Currently available research on the use of
risperidone to manage agitation in patients with
dementia is discussed.
Dementia affects up to 70% of
nursing-home patients, and more than 90% of them exhibit aggressive or agitated behavior or severe depression. Agitation includes combativeness, hyperactivity, disinhibition, wandering, and
restlessness. Environmental interventions are preferred for mild symptoms; medications are the treatment of choice for severe manifestations. Traditional
neuroleptics have been the mainstay of treatment for agitated behavior in persons with
dementia, but these agents have limited efficacy and are associated with high rates of adverse effects, including worsening of already poor cognitive functioning. Although the literature on the use of
risperidone in elderly patients with
dementia consists largely of uncontrolled trials, case reports, and chart reviews, it appears that this agent is effective for managing agitation in this population and does so with a low frequency of extrapyramidal symptoms (EPS).

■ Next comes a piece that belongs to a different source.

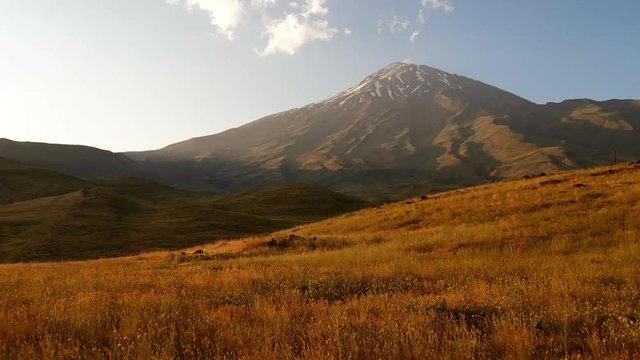 A panning shot of Damavand's snowy peak during summer and extended field  A following long shot of foothill of Damavand's peak summer sunlight and plants shaking by wind yellow and blue colored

Risperidone may also be useful for treating acute agitation in patients with a high risk of EPS and for long-term treatment of "sundowning" (agitation and
confusion starting in the late afternoon and worsening at night). A low initial dosage that is gradually adjusted upward is recommended.
Risperidone appears effective in controlling agitation in patients with
dementia and has a relatively benign adverse-effect profile, but more clinical trials are needed to elucidate its role for this indication.